:: What you are asked to do ::
Restate, word for word, the run of lines that starts at the line containing "мужские прямые джинсы stefano ricci, черные" and ends with the final line of the listing. Leave pictures out.

:: Data block ::
::::
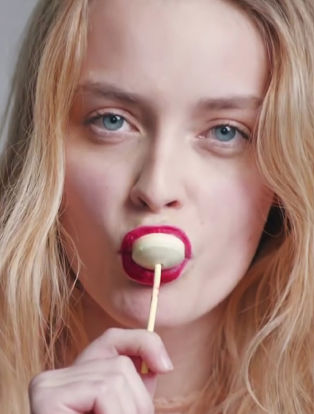 pretty girls, woman sucking lollipop with red lipstick
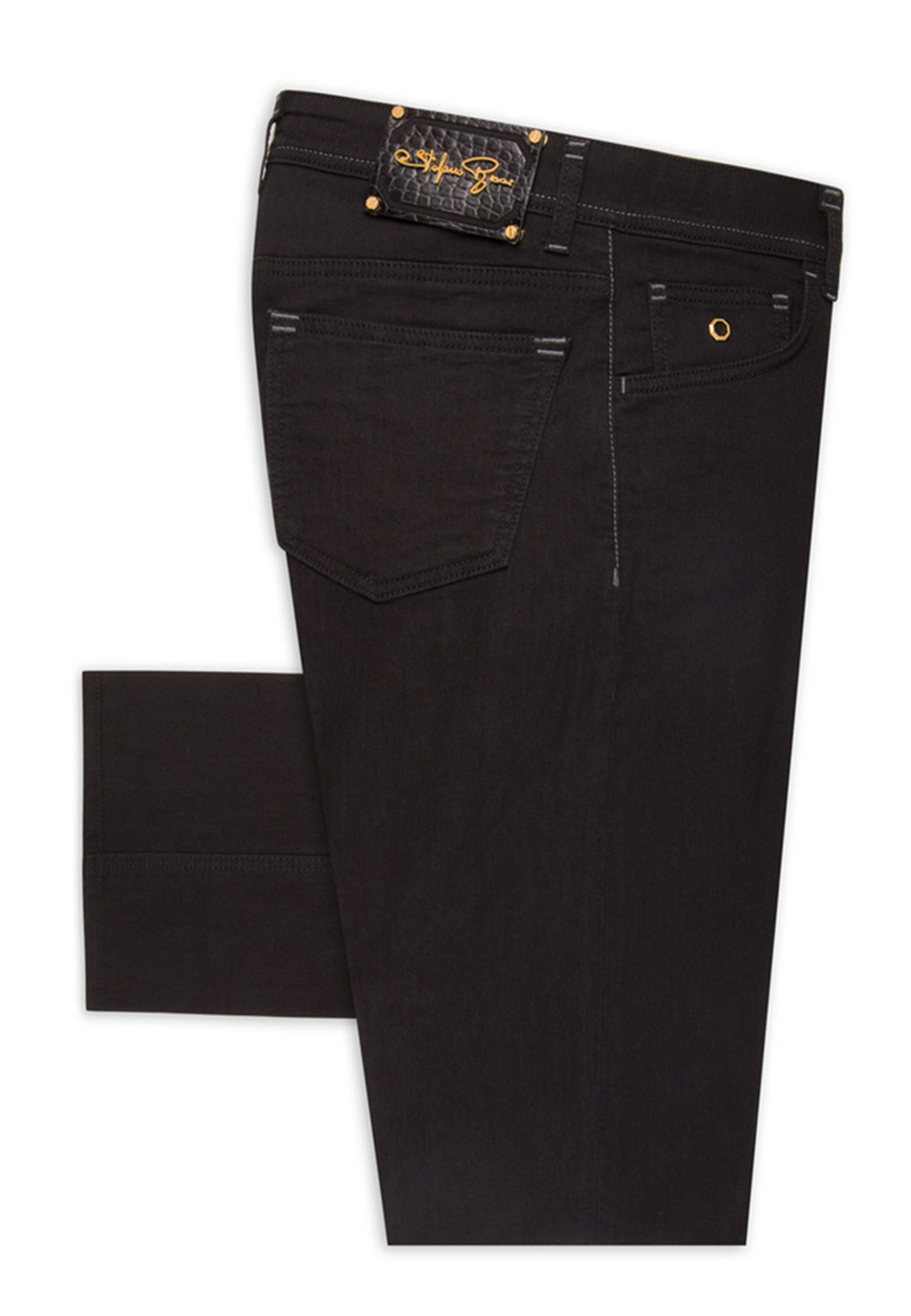 мужские прямые джинсы stefano ricci, черные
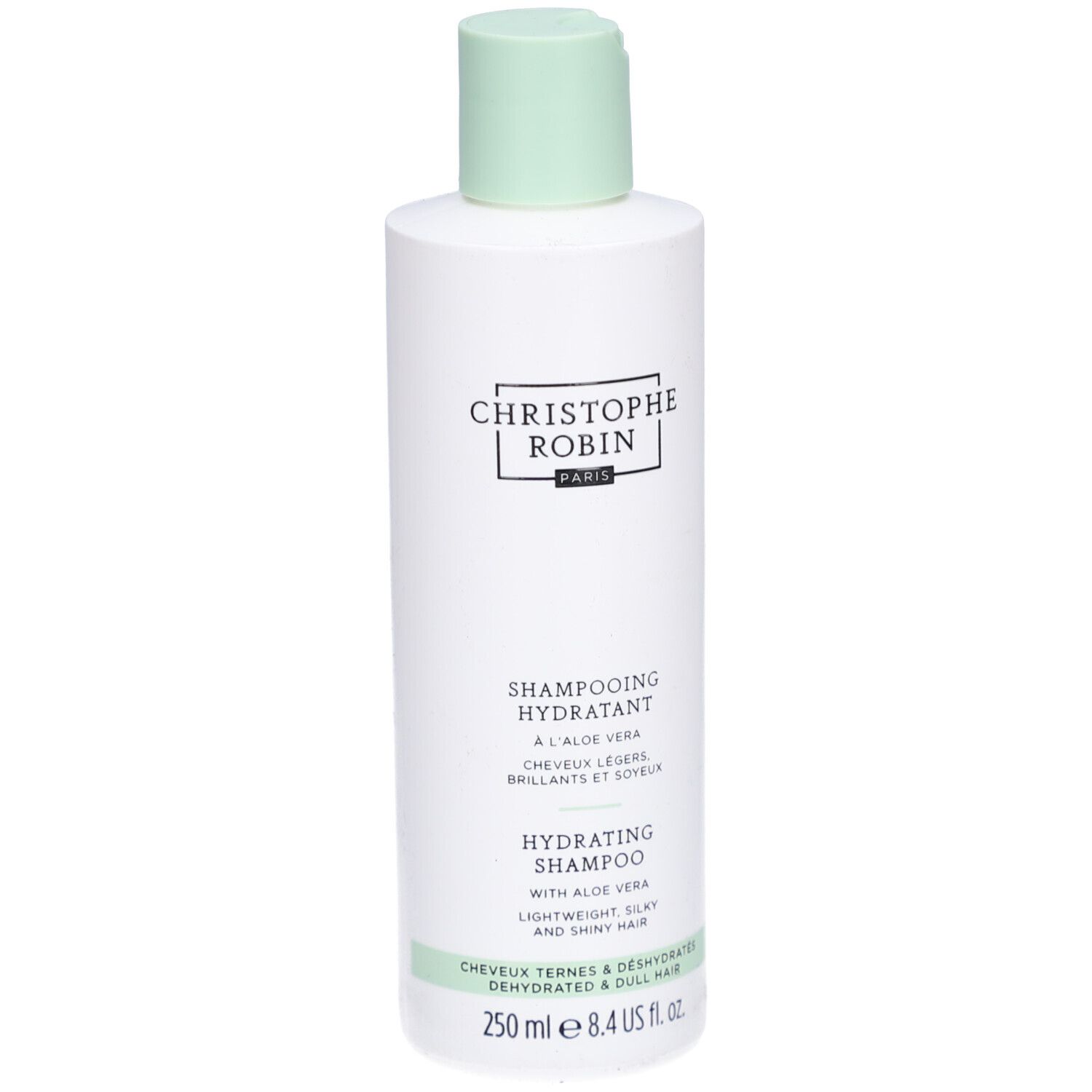 Weiße Flasche mit grünem Deckel. Aufschrift: Christophe Robin, Shampooing Hydratant, Hydrating Shampoo, 250 ml.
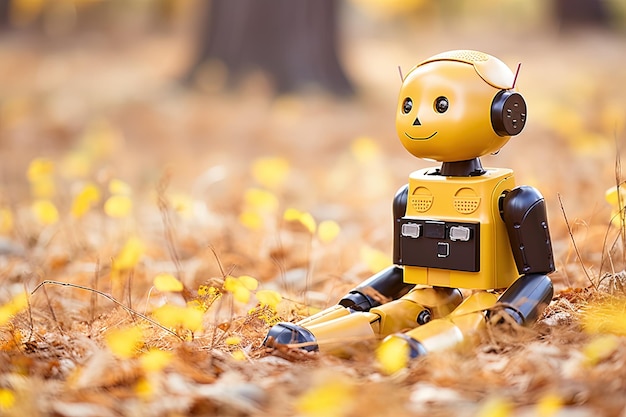 Робот в поле Забавный робот в поле желтых цветов Концепция Хэллоуина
::::
:: Solution for this task ::
 мужские прямые джинсы stefano ricci, черные
 Weiße Flasche mit grünem Deckel. Aufschrift: Christophe Robin, Shampooing Hydratant, Hydrating Shampoo, 250 ml.
 Робот в поле Забавный робот в поле желтых цветов Концепция Хэллоуина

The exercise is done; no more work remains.